QQ is the rational numbers (fractions).  QQbar is the algebraic
closure of QQ; this means it includes every complex number which is
the root of a polynomial with rational coefficients.  So it includes
things like sqrt(2) (which is a root of x^2-2), and sqrt(-1) (a root
of x^2+1), as well as more exotic numbers like the roots of x^5-x-1,
which can't be expressed using radicals (roots).  (QQbar does not
include all complex numbers, though; for instance, it does not include
pi or e, which are transcendental rather than algebraic.)

> Now let's go to Carl's help...
>
>> Taking a quick look at that page, it looks like they want the exact
>> roots in CC of a polynomial with algebraic coefficients.  In Sage, we
>> can get this with QQbar:
>>
>> sage: K.<x> = QQbar[]
>> sage: (x^5-x-1).roots(ring=QQbar)
>>
>
> First problem with QQbar: it seems that resultant() doesn't like it,
> because it is not able to convert it to a Singular ring (this is the
> error, I'm not attaching all the output, tell me if you need it)
>
> TypeError: no conversion of this ring to a Singular ring defined

Looks like this hasn't been implemented yet.

> On the contrary, QQ[] seems to work fine with resultant (but it
> doesn't have roots() )

Univariate polynomials over QQ definitely have roots(); were you using
a multivariate polynomial ring?

> Moreover, it seems that QQbar roots() is not working for multivariate
> polynomials ring... is it true or am I just missing something else?
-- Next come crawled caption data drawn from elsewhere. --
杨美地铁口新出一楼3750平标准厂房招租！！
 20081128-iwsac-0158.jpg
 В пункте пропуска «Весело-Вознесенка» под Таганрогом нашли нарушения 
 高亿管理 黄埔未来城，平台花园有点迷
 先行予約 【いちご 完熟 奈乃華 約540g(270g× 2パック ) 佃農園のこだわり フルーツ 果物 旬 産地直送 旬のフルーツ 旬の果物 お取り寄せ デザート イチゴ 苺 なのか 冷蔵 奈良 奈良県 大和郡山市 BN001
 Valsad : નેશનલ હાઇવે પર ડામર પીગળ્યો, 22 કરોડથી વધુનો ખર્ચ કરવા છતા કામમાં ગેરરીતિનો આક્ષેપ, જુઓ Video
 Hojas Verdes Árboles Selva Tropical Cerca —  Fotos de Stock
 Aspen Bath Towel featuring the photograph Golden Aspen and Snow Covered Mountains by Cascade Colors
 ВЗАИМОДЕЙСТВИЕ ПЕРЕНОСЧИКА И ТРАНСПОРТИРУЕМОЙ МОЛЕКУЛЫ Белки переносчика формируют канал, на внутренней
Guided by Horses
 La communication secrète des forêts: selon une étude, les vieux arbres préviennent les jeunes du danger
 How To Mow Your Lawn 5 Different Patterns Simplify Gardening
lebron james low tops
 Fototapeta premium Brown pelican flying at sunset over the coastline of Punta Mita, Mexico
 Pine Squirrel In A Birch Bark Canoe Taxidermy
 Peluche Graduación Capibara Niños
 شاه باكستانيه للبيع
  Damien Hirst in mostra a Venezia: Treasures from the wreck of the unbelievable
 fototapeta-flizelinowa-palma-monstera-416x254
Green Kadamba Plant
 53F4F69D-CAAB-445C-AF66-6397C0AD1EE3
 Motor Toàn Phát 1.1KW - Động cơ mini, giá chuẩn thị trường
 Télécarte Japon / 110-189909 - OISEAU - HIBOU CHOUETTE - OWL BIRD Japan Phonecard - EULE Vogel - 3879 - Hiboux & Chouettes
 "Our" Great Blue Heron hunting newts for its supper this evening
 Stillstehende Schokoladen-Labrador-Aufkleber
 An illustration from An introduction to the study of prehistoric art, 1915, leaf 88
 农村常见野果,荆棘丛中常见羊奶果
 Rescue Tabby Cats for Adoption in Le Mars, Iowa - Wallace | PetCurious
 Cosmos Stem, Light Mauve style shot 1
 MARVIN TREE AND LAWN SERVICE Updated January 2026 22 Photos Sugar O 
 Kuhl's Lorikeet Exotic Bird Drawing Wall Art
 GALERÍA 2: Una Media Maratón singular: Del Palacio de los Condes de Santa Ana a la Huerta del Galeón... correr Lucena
In
> that case, is possible to let it work in multivariate polynomials? As
> you can imagine, I would like to think about this as a method of
> solving integrals, so it is very likely to have a symbolic expression
> with more than just a single symbolic variable.
>
> Apart from this, is there another way to solve an equation (with more
> than a single symbolic variable) obtaining exact roots? It seems that
> maxima would do the work (with algebraic numbers...), is it possible
> that it is the only symbolic equation solver within SAGE? What about
> SymPy or anything else?

What does this even mean?  .roots() gives a list of all the solutions
of a univariate polynomial equation.  But a multivariate polynomial
equation will usually have an infinite number of solutions; for
instance, x^2+y^2-1=0 has an infinite number of solutions over the
rationals (or the reals, or the algebraic reals, etc.)

If you have a system of multivariate polynomial equations, then the
system might have only finitely many solutions.

> Finally, I still would like to know which is the best way to translate
> the output of a calculation with polynomial rings into a symbolic
> expression, that can be carried on with maxima or pynac. Can you help
> me?

If p is a polynomial, then SR(p) is a symbolic expression.